9.9. UDP – envie um pacote e torça pelo melhor

O UDP, o User Datagram Protocol, é o mais simples dos dois serviços que a camada de transporte oferece. Cada envio UDP é um datagrama – um bloco autocontido de bytes endereçado a um IP e a uma porta, lançado na rede por conta própria. O protocolo o entrega se conseguir; se não conseguir, não tenta de novo, não avisa o remetente e não preserva nenhuma ordenação entre os datagramas.

9.9.1. O que o UDP acrescenta ao IP

O UDP é uma camada fina sobre o IP. Ele acrescenta três coisas à entrega bruta do IP:

  • Números de porta em ambas as extremidades, para que um datagrama possa ser entregue ao programa certo no host de destino, e não apenas ao host (veja Portas).

  • Um campo de comprimento para que o destinatário saiba exatamente quantos bytes de payload deve ler.

  • Um pequeno checksum sobre o cabeçalho e o payload, para que o destinatário possa detectar um datagrama corrompido e descartá-lo.

É só isso. Tudo o mais que o IP fazia ou não fazia, o UDP mantém. Os datagramas não são reenviados. Eles podem chegar fora de ordem. Eles podem ser duplicados por peculiaridades da rede subjacente. Eles podem ser silenciosamente descartados se a rede estiver congestionada, se o buffer no destino estiver cheio ou se um dos roteadores no meio decidir descartá-los.

Um diagrama com o remetente à esquerda e o destinatário à direita. Três setas apontam do remetente para o destinatário, rotuladas "datagram 1", "datagram 2", "datagram 3". A seta do datagram 2 é mostrada como uma linha tracejada com um X sobre ela, indicando perda.

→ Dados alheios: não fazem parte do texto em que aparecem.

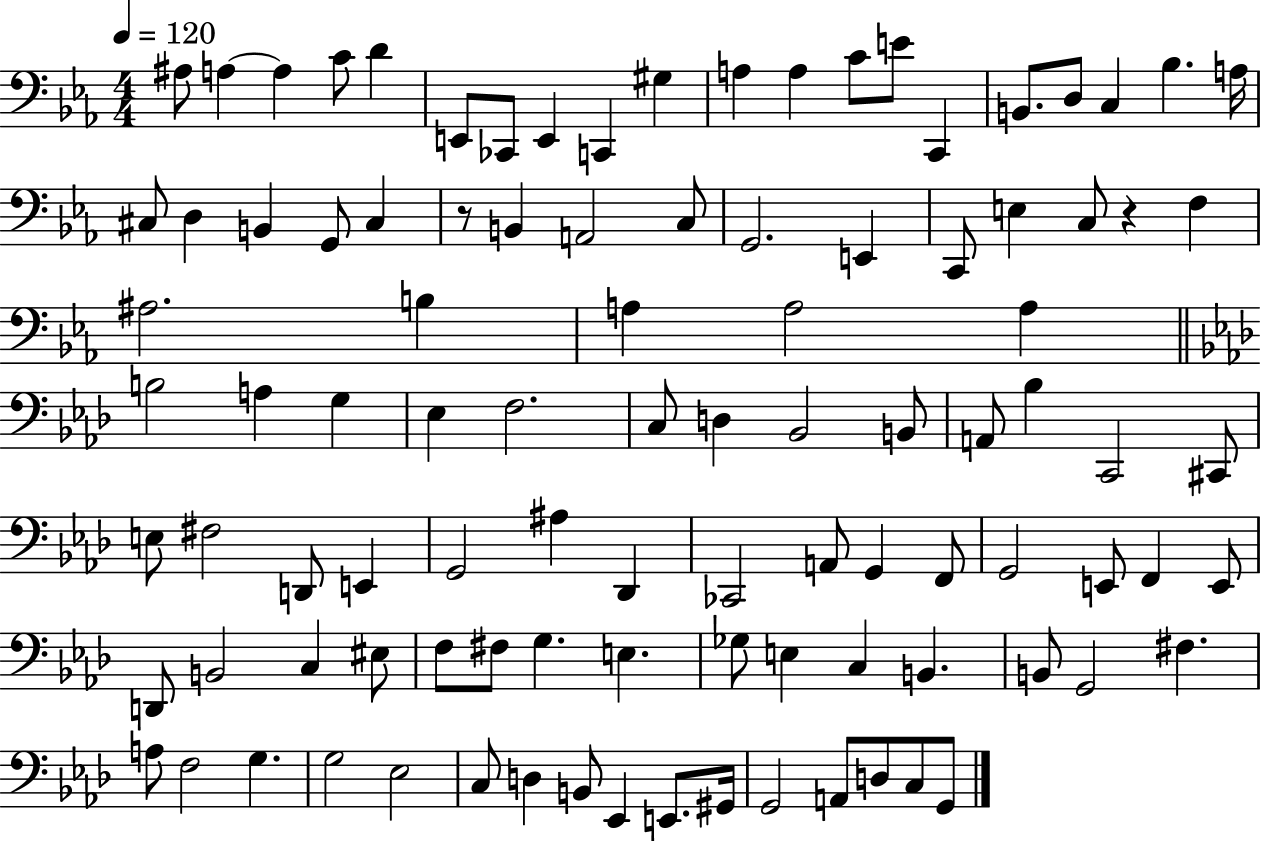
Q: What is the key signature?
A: EES major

Cada datagrama UDP é enviado de forma independente. Se um se perde no trânsito, nada avisa o remetente ou o destinatário – a lacuna é silenciosa.

9.9.2. Por que alguém o usaria

Se o UDP é tão pouco confiável, por que tê-lo afinal? Três razões.

  • Velocidade e sobrecarga. Um envio UDP é um único pacote saindo; sem handshake, sem confirmações, sem estado de conexão para manter. O custo de latência e de largura de banda é mínimo.

  • Mensagens independentes. Parte do tráfego é um fluxo de atualizações de status em que cada mensagem é um snapshot novo e uma antiga não tem valor. Uma câmera publicando “ainda estou viva, aqui está minha leitura atual” a cada segundo se importa em entregar cada leitura nova, não em retransmitir as leituras que se perderam.

  • Multicast. Um único datagrama UDP pode ser enviado para muitos destinatários de uma só vez. (O TCP não pode fazer isso; toda conexão TCP é entre exatamente dois pontos.) Útil para descoberta de serviços, telemetria para muitos ouvintes e streaming de vídeo.

Onde a rede é boa e a tolerância do remetente à perda é alta, o UDP é a resposta certa. Onde a entrega e a ordenação têm de ser garantidas, o UDP precisa de outra camada de confiabilidade por cima, ou a aplicação deveria simplesmente usar o TCP.

9.9.3. Quando não usá-lo

Vale também ser explícito sobre o oposto. O UDP é a escolha errada quando:

  • Cada byte importa. Dados de configuração, atualizações de código, transações assinadas – qualquer caso em que um byte faltante torna o resultado errado.

  • A ordem importa. O datagrama UDP 2 pode chegar antes do datagrama 1.

  • A mensagem é grande. Payloads grandes têm de ser divididos em datagramas menores pela aplicação; a camada de transporte não fará isso. Se qualquer pedaço se perder, a mensagem inteira fica incompleta.

Se algum desses se aplica, recorra ao TCP.

9.9.4. Exemplos concretos em uma câmera

Exemplos de tráfego UDP na prática, no lado da câmera:

  • Descoberta. Uma câmera transmite um datagrama “quem está aqui” para a rede local na inicialização; outros dispositivos respondem.

  • Telemetria. Uma vez por segundo, a câmera envia um pequeno datagrama com suas leituras de sensor atuais para um coletor. Perder uma amostra ocasional não importa, porque a próxima chega em um segundo de qualquer forma.

  • Sincronização de tempo. O NTP, o protocolo de tempo de rede, roda sobre UDP. O cliente envia uma pequena requisição, o servidor responde com a hora atual; se a resposta se perde, o cliente simplesmente pergunta de novo mais tarde.

  • Resoluções DNS. Perguntar à rede “para qual IP este nome mapeia?” roda sobre UDP. (Abordado em Nomes e DNS.)

A API Python para enviar e receber datagramas está em Sockets UDP, depois que o restante da história da camada de transporte estiver no lugar.